Enzymatic Incorporation Of Eicosapentaenoic Acid (Epa) and Docosahexaenoic Acid (Dha) Into Virgin Coconut Oil (Vco) and Medium-Chain Triacylglycerol (Mct) Oil and Oxidative Stability of The Resultant Structured Lipids

Lipase-catalyzed acidolysis or interesterification of virgin coconut oil (VCO) and medium-chain tricaylglycerol oil (MCT oil) with long-chain polyunsaturated fatty acids (PUFA), EPA and DHA, was studied using the 1,3 specific immobilized lipases from Thermomyces lanuginosus and Rhizomucor miehei (a species of fungus). Between the two enzymes tested, T. lanuginosus showed a higher incorporation of EPA or DHA into VCO or MCT oil.
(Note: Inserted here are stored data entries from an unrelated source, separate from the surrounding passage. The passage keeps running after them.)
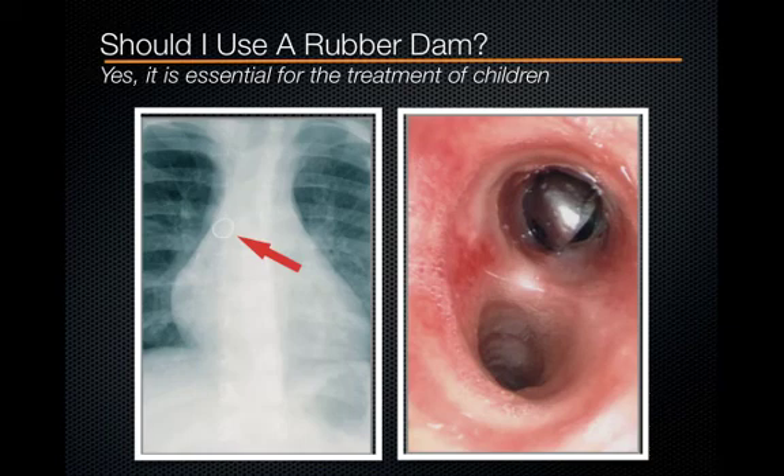Do we need to use a rubber dam for all patients? Definitely. Do we need to use it for all procedures? Yes, even the stainless steel crown preparation. This confuses many students because oftentimes with a crown preparation we don't use a rubber dam. But for the child patient, a rubber dam is so essential that we use it even for crown preparations. It protects the patient from aspirating objects, from swallowing water, and protects the cheeks and tongues of our wiggly patients.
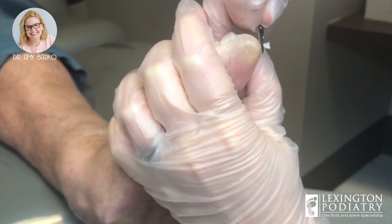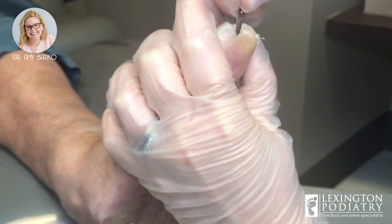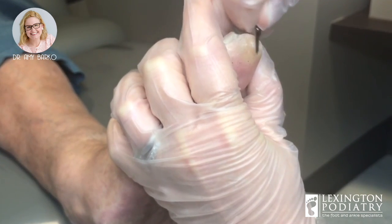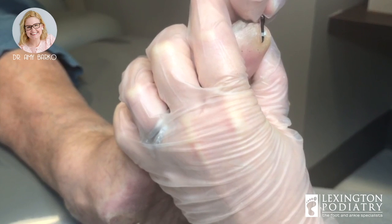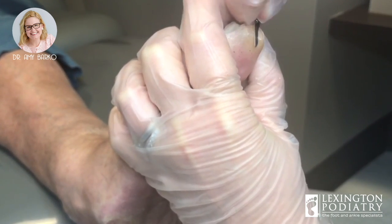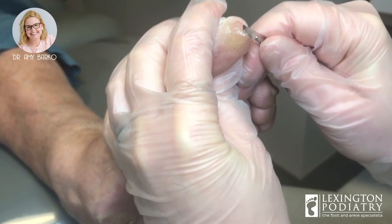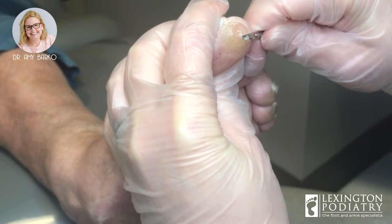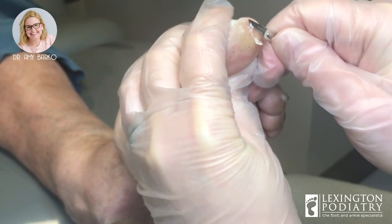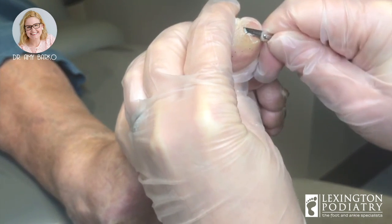When you're trimming calluses, you try to pay attention to the patient's pain. Some patients are very sensitive. I'm very lucky right now — she is not. She lets me do what I need to do. But always pay attention: if your doctor is trimming a callus and it's hurting, just let them know because they can slow down and take a smaller bite, which helps.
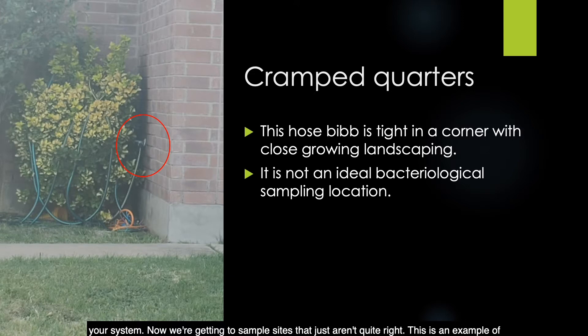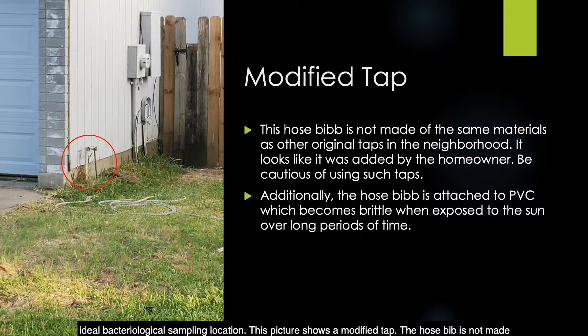Now we're getting to sample sites that just aren't quite right. This is an example of cramped quarters — the hose bib is tight in a corner and close to growing landscaping, making it not an ideal bacteriological sampling location. This next picture shows a modified tap — the hose bib is not made of the same materials as other original taps in the neighborhood and looks like it was added by the homeowner. Be cautious of using such taps. Additionally, the hose bib is attached to PVC, which becomes brittle when exposed to the sun over long periods of time.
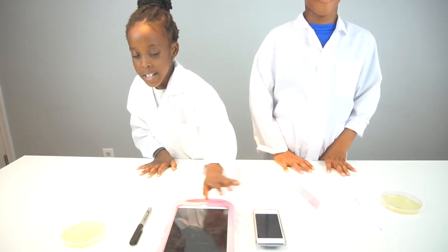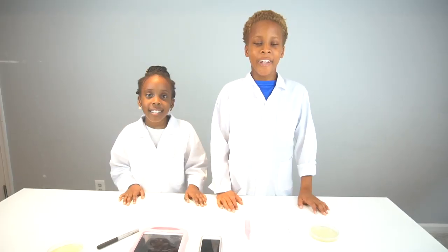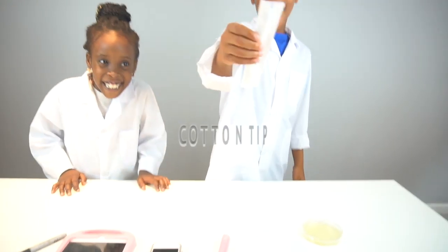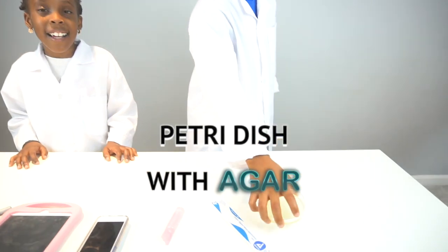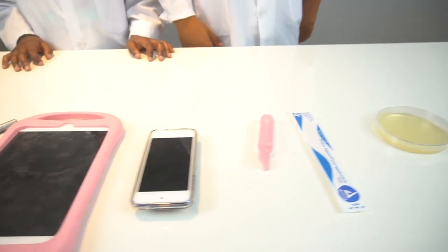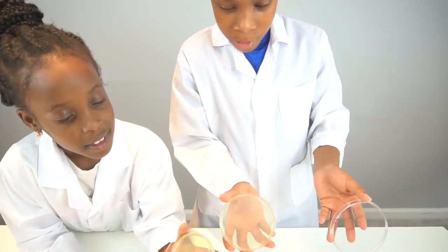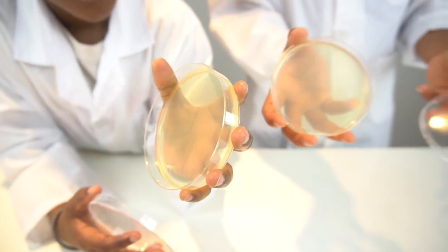For this experiment you're going to need the stuff that you're testing, then a marker to label, saline, a cotton tip, and a petri dish with agar. Agar is the sticky stuff in here, which is also like bacteria food, which will help the bacteria grow.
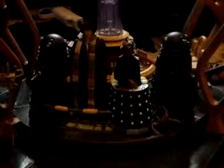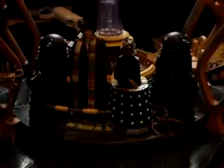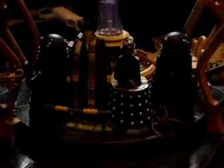Hello YouTubers, and welcome to the Genesis of the Daleks figure collection. This collection comes with a Genesis Dalek, the Fourth Doctor, Davros, a Kaled Mutant, and another Genesis Dalek.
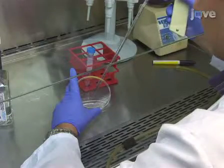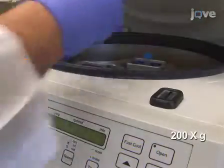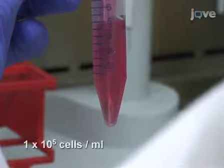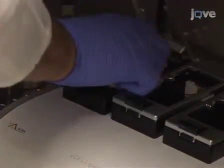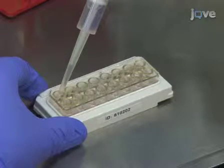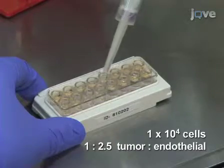In preparation for the invasion assay, prepare the invading tumor cells. Here, osteosarcoma cells are used. Begin by harvesting the cells by trypsinization. Remove all traces of trypsin by spinning the cells at 200g and washing once with PBS. Following the wash, resuspend the cells to a final density of 1 × 10⁵ cells per milliliter in the medium used to grow the tumor cells, such as RPMI or DMEM containing 10% FBS. Pause the experiment by clicking the Pause Step icon in the software window. Remove the E-plate and aspirate the EGM-2 medium from the HUVEC monolayer. Add 100 µL of tumor cell suspension containing 1 × 10⁴ cells. Generally, a ratio of 1 to 2.5 tumor cells to endothelial cells works best for the assay; however, the ratio can be optimized for individual cell lines.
The effect of variation of reaction parameters such as time course, mole ratio of substrate and enzyme load were monitored for the most effective enzyme, ie. T. lanuginosus as the biocatalyst of choice. The incorporation of EPA, DHA, and EPA+DHA increased significantly with increasing time course from 12 to 48 h of incubation. The highest incorporation level of EPA, DHA or EPA+DHA occurred at 45°C for 36h with a mole ratio of 1:3 (oil: EPA or DHA) and 1:3:3 (oil: EPA+DHA). In the ethyl eicosapentaenoic ester (EEPA) as acyl donor, EPA incorporation in MCT oil and VCO were 76.97 and 69.88%, respectively. Using EPA as the acyl donor, EPA incorporation in MCT oil and VCO were 56.35 and 48.64%, respectively. Meanwhile, DHA as acyl donor resulted in DHA incorporation into MCT oil and VCO at 65.51 and 73.84%, respectively. The oxidative stability of enzymatically modified oils as well as their unmodified counterparts were accessed under Schaal-oven condition (autoxidation) at 60±2°C over a10-day period and fluorescent light condition (photooxidation) at 28.5±1°C over 72 h. The Conjugated dienes (CD) and 2-thiobarbutiric acid reaction substances (TBARS) were determined. Among the oils examined, the modified oils, as expected, had higher CD and TBARS values compared to those of their unmodified counterparts. The CD and TBARS values of modified oils were increased significantly from day 0 to day 10 of autoxidation and 0 h to 72 h of photooxidation.